The page you see on the picture below is my most favourite book quote ever. Never before have I come across something that so elegantly and so pointedly describes exactly this feeling - a feeling, a thought, a problem I have myself. That blazing insecurity that threatens to take over. The want of everything and the inability to chose just one path. Obviously today we are less restrained, we can have several of the life goals which Plath describes all at once or one after the other, but then again can we really? How do we find the time for it all, the strength?
The book follows Esther's life and feelings from her summer job in NY, back to her school days, forward to her attempted suicide and then throughout the various treatments at good and bad asylums. Unsatisfied by the rather open ending I googled the book and the woman behind it and was in for rather a shock. I've never encountered the book during my school years nor her, so I didn't know anything about either and was rather appalled to discover that Plath's crippling depressions drove her to suicide barely a month after the book was published (under the pen name Victoria Lucas). It does make certain parts in the book click though. I'm not sure anyone who hadn't experienced those feelings would be able to write about them like that [note; I've never been suicidal nor properly depressed, just occasionally rather sad]. Esther's feelings and breakdown are so palpable, at times even almost rational; it's all explained so well.
The Bell Jar took my breath away and it's a book that demands to be read and reread and reread again to get it all.

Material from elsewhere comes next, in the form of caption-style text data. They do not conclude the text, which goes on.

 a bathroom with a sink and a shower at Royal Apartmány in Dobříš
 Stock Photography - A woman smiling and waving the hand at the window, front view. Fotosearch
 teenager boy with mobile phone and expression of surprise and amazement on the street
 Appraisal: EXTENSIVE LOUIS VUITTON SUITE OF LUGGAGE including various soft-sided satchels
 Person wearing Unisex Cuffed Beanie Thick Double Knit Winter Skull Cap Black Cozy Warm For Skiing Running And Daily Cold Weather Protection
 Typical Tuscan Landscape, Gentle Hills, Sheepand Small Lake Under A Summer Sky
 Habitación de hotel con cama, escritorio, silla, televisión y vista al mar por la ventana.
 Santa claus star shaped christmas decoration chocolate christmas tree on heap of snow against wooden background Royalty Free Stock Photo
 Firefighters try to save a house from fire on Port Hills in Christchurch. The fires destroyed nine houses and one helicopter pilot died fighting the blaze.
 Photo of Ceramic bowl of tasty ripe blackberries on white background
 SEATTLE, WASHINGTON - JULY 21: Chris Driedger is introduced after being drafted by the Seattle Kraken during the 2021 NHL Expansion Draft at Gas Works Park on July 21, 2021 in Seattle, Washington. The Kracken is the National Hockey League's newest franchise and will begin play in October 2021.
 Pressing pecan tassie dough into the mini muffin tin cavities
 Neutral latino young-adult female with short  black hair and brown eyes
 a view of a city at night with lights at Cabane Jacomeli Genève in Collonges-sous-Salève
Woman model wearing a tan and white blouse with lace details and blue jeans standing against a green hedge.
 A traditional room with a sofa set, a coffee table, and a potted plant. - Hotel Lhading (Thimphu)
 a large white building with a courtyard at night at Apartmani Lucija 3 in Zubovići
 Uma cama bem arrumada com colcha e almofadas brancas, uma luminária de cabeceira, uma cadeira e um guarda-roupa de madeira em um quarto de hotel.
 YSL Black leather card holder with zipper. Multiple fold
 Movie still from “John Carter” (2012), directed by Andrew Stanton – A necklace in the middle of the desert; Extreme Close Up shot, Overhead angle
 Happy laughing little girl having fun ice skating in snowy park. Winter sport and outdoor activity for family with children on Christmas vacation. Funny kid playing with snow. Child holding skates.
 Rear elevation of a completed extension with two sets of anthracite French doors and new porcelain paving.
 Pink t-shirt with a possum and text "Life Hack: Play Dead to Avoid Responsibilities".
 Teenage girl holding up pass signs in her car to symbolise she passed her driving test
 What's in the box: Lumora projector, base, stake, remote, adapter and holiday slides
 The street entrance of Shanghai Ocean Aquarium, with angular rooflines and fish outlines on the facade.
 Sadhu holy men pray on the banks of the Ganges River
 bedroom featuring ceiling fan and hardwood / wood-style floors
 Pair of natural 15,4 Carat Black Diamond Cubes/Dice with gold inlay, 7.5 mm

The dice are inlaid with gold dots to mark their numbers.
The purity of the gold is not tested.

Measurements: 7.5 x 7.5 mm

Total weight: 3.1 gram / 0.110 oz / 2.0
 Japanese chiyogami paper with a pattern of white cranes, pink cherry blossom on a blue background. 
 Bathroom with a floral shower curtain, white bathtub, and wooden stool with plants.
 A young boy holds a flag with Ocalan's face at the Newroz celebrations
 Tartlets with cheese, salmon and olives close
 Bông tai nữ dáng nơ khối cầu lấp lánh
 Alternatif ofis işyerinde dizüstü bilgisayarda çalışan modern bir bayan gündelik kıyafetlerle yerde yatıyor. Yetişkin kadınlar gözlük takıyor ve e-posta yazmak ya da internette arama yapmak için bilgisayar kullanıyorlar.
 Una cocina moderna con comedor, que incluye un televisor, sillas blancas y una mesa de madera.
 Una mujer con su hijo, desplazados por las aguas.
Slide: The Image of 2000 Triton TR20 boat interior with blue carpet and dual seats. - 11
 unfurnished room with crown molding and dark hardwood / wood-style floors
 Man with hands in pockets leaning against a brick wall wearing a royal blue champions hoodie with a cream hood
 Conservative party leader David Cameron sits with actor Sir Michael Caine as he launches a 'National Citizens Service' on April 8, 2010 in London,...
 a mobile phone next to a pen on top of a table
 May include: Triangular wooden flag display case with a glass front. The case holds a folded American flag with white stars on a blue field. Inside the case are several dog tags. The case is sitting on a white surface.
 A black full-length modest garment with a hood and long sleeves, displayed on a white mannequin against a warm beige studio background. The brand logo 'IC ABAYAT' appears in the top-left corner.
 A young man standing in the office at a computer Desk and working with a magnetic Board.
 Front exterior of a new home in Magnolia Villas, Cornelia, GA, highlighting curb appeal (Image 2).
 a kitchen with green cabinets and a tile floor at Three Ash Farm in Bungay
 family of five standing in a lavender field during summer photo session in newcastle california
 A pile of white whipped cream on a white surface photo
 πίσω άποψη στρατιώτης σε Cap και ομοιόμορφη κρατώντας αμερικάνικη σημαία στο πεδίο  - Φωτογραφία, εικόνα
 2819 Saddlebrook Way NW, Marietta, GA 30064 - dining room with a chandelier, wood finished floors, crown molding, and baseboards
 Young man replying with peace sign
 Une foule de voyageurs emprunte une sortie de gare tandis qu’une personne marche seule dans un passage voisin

I never before encountered a book quite like it, a book that made me pause and actually properly appreciate the writing, the word structure, the deeper meanings behind it all. Plath was an amazing writer, whom driven by her own black thoughts and feelings managed to portray the darker emotions of a young woman despairing. I'm rather sad that this book in Denmark at least seems so relatively unknown. It's dark and it's scary, yes, and obviously not for a younger audience, but it's just so ... important. I think particular in lieu of how more and more people nowadays struggle with depressions and loneliness and so on and so forth - this book has something to tell. It can put some perspective on matters, like, you're not alone. It's okay to be feeling like that. Let someone help you. Don't give up, there are people loving you.